Health & Fitness
How to Estimate Body Fat Percentage at Home
Practical methods for estimating body fat percentage without expensive equipment — from BIA scales to the Navy method — with accuracy guidelines.
Body fat percentage is a more meaningful health metric than weight alone — but measuring it accurately requires either expensive equipment or accepting some margin of error. Here are the most practical home methods.
What's a Healthy Body Fat Percentage?
- Men — Essential fat: 2–5%, Athletic: 6–13%, Fitness: 14–17%, Average: 18–24%, Obese: 25%+
- Women — Essential fat: 10–13%, Athletic: 14–20%, Fitness: 21–24%, Average: 25–31%, Obese: 32%+
BIA Smart Scales
Bioelectrical impedance scales pass a tiny electrical current through your body. Fat resists electrical current; muscle conducts it. They're convenient but can vary by ±3–5% from true values depending on hydration, when you last ate, and time of day. Consistent testing conditions (same time, fasted) improve reliability for tracking trends.
The US Navy Method
This formula uses tape measure circumferences and is surprisingly accurate for most people. For men: measure neck and abdomen. For women: measure neck, waist, and hips.
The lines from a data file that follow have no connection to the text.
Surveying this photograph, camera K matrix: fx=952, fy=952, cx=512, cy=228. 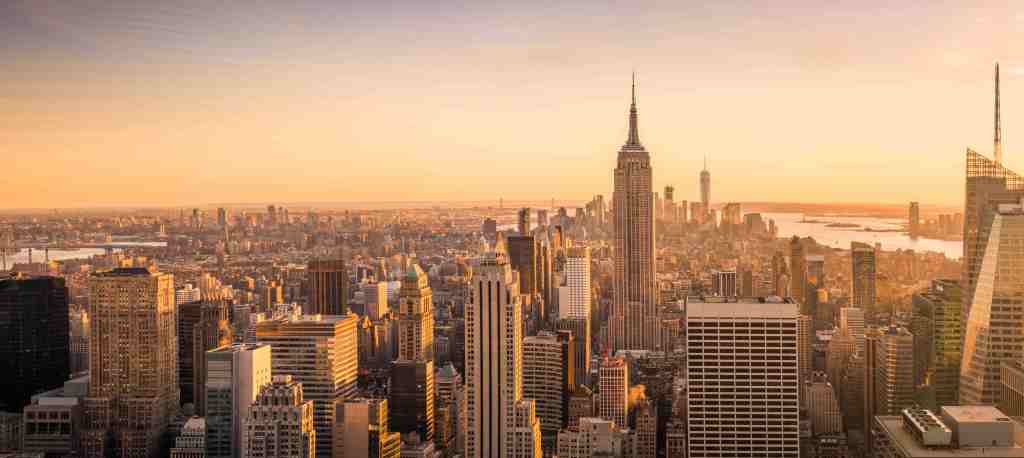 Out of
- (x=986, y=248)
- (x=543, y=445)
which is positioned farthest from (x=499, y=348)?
(x=986, y=248)

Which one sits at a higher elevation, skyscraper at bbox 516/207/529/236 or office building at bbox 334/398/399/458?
skyscraper at bbox 516/207/529/236

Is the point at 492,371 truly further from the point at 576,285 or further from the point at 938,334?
the point at 576,285

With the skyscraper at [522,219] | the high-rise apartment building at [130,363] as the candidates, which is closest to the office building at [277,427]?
the high-rise apartment building at [130,363]

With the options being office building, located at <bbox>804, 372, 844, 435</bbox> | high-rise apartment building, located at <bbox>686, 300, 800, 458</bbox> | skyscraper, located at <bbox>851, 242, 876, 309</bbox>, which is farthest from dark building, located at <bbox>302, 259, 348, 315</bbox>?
skyscraper, located at <bbox>851, 242, 876, 309</bbox>

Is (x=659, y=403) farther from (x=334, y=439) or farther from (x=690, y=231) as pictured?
(x=334, y=439)

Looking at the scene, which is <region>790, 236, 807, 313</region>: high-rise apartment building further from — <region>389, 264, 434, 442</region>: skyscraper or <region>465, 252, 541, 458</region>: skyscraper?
<region>389, 264, 434, 442</region>: skyscraper

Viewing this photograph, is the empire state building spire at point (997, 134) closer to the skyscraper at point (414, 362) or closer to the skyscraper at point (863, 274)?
the skyscraper at point (863, 274) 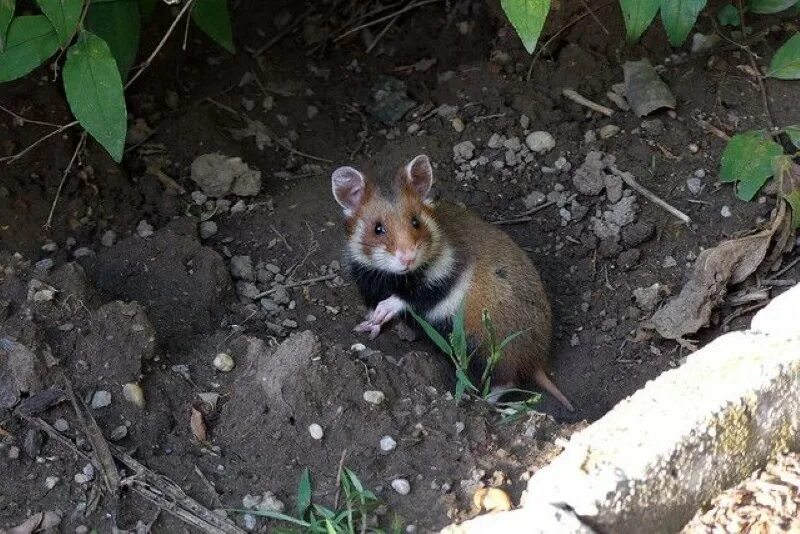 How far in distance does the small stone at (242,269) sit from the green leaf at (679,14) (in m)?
2.17

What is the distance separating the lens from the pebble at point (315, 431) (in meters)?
3.51

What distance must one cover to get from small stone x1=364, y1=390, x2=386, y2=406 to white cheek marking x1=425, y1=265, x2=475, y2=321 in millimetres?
1085

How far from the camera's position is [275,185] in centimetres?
517

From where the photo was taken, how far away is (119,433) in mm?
3465

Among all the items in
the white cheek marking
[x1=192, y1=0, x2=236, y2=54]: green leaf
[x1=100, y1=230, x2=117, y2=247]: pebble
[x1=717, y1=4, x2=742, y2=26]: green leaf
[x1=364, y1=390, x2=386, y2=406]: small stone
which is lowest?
the white cheek marking

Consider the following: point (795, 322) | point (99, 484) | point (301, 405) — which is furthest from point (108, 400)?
point (795, 322)

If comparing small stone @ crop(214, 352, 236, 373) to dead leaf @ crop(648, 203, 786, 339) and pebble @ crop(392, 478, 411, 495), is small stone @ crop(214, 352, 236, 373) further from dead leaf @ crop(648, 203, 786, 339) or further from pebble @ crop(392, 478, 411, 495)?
dead leaf @ crop(648, 203, 786, 339)

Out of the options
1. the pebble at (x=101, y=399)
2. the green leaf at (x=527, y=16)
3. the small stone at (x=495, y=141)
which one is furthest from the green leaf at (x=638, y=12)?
the pebble at (x=101, y=399)

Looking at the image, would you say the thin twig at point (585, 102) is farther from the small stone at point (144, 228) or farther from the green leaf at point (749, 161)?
the small stone at point (144, 228)

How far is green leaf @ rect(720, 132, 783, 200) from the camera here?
4.64 meters

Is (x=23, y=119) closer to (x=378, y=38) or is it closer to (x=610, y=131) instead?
(x=378, y=38)

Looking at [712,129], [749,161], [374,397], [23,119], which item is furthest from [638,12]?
[23,119]

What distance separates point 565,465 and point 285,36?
12.5ft

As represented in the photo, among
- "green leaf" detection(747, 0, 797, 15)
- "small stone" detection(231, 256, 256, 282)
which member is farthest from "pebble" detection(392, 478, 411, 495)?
"green leaf" detection(747, 0, 797, 15) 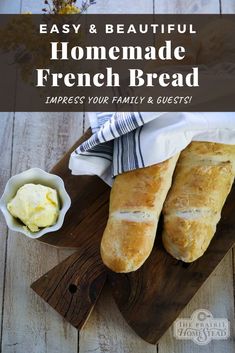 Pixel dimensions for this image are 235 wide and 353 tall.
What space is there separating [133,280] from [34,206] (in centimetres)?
27

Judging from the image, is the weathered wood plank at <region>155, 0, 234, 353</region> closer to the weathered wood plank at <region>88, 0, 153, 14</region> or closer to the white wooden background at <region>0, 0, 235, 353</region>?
the white wooden background at <region>0, 0, 235, 353</region>

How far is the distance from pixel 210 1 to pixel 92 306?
0.86 metres

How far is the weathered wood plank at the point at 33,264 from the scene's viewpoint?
1.11 meters

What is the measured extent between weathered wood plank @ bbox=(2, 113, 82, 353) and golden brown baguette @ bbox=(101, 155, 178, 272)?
0.20 metres

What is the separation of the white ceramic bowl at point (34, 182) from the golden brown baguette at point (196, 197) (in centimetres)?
22

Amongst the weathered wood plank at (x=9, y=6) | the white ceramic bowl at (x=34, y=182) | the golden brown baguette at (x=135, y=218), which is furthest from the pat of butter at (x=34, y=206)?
the weathered wood plank at (x=9, y=6)

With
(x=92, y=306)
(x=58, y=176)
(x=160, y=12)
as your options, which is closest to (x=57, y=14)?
(x=160, y=12)

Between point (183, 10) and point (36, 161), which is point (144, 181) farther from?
point (183, 10)

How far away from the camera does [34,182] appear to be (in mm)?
1093

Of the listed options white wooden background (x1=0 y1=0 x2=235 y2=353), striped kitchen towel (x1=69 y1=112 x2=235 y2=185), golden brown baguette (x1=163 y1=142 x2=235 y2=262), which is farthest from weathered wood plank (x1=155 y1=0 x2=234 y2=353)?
striped kitchen towel (x1=69 y1=112 x2=235 y2=185)

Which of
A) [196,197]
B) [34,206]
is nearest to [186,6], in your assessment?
[196,197]

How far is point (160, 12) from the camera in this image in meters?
1.33

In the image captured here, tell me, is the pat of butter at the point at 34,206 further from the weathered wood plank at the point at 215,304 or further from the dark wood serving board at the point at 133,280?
the weathered wood plank at the point at 215,304

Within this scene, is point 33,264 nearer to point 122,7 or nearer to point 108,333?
point 108,333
Plug into the formula (or an online calculator) for an estimate within ±3% of DEXA scan results in most cases.
Skinfold Calipers
Calipers measure the thickness of fat folds at specific body sites. The Jackson-Pollock 3-site and 7-site protocols are the most common. Accuracy depends heavily on technique — it's worth learning from a trained professional initially. Calipers cost under $10 and are excellent for tracking changes over time.